Naukowcy z amerykańskiego Massachusetts Institute of Technology przekonują, że zachowywanie w zamkniętych pomieszczeniach 18-metrowego dystansu od innych osób wcale nie chroni lepiej przed zakażeniem niż zalecany dystans niecałych 2 metrów. Zdaniem naukowców inne czynniki grają ważniejszą rolę.

Martin Z. Bazant i John W.M. Bush twierdzą, że w pomieszczeniach zamkniętych ryzyko zakażenia koronawirusem jest tak samo duże niezależnie od tego, czy nosimy maseczki i zachowujemy dystans. Opinia ta przeczy zaleceniom opublikowanym przez WHO.

Zdaniem naukowców inne czynniki mają wpływ na przenoszenie się koronawirusa. Te czynniki to m. in. ilość czasu spędzonego wewnątrz, filtrowanie i cyrkulację powietrza, szczepienie, warianty szczepów, stosowanie maseczek, a także oddychanie, jedzenie, mówienie czy śpiewanie.

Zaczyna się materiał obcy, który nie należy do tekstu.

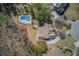 Expansive aerial view showcasing the house, pool, lush landscaping, and surrounding neighborhood at 1564 Beaver Creek Lane, Snellville, GA 30078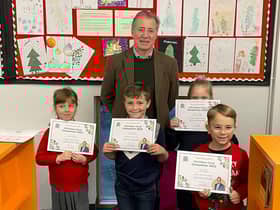 Valeria Wilkinson (L), Stanley Vernon (C), Amelia Dunphey and Tudor Negoia (R) with Mark Pawsey MP at Rugby Library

- Twierdzimy, że zasada sześciu stóp nie przynosi z reguły korzyści, zwłaszcza gdy ludzie noszą maseczki. (...) Nie ma to żadnego fizycznego uzasadnienia, ponieważ powietrze, którym oddycha osoba nosząca maskę, ma tendencję do unoszenia się w górę, w dół i wszędzie w zamkniętym pomieszczeniu. Jesteś bardziej narażony na to, co się tam ogólnie unosi niż na zakażenie od innej osoby, niezależnie od odległości - stwierdził Bazant w rozmowie z telewizją CNBC.

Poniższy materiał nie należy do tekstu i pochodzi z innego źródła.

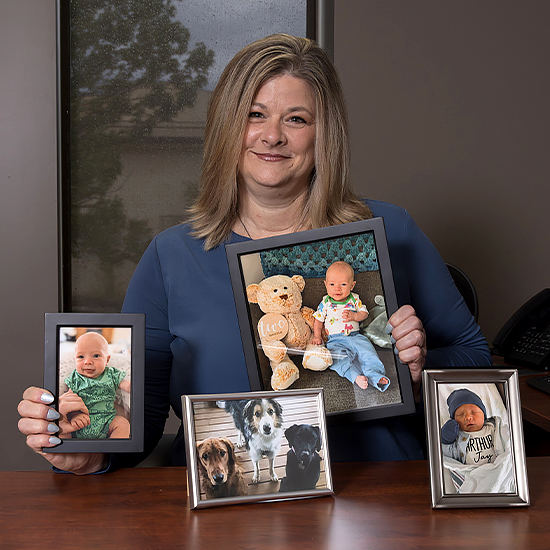 Michelle Boulay with family portraits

Zdaniem Bazanta zwykłe otwarcie okna i wietrzenie pomieszczeń znacznie bardziej ogranicza ryzyko zakażenia. Dodał także, że nie ma znaczenia, jeśli w danym pomieszczeniu przebywa więcej osób przez kilka minut. Problem pojawia się jednak, kiedy taka obecność trwa dłużej, np. kilk godzin.

- Nasza analiza pokazuje, że wiele zamkniętych przestrzeni w rzeczywistości nie musi być zamkniętych. Często przestrzeń jest wystarczająco duża, wentylacja jest wystarczająco dobra, ilość czasu spędzanego razem przez ludzi jest taka, że pomieszczenia mogą być bezpiecznie użytkowane - powiedział Bazant. Przestrzegł także przed uleganiem fałszywemu poczuciu bezpieczeństwa wyłącznie ze względu na zachowywanie dystansu od innych osób.

Zwrócono także uwagę, że zanieczyszczone patogenami kropelki przemieszczają się w powietrzu w pomieszczeniach, kiedy ludzie rozmawiają, oddychają lub jedzą.

Bazant podkreślił również, że bardzo znikome jest prawdopodobieństwo zakażenia się na świeżym powietrzu.